• [Given material]:
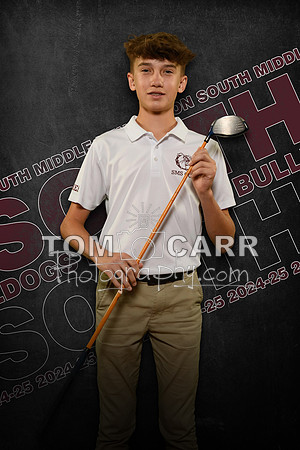 HSMSG_101624-108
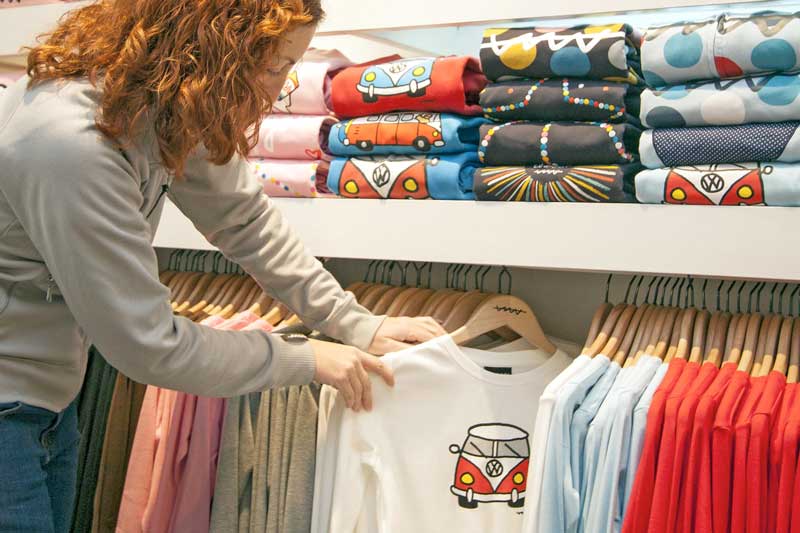 Faculdade-Santa-Teresa-abre-inscrições-curso-de-Design-de-Moda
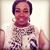 Tamra Burks's profile image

• [Brief]:
What you output must match the data exactly, apart from the pictures, which are left out.

• [Written reply]:
 HSMSG_101624-108
 Faculdade-Santa-Teresa-abre-inscrições-curso-de-Design-de-Moda
 Tamra Burks's profile image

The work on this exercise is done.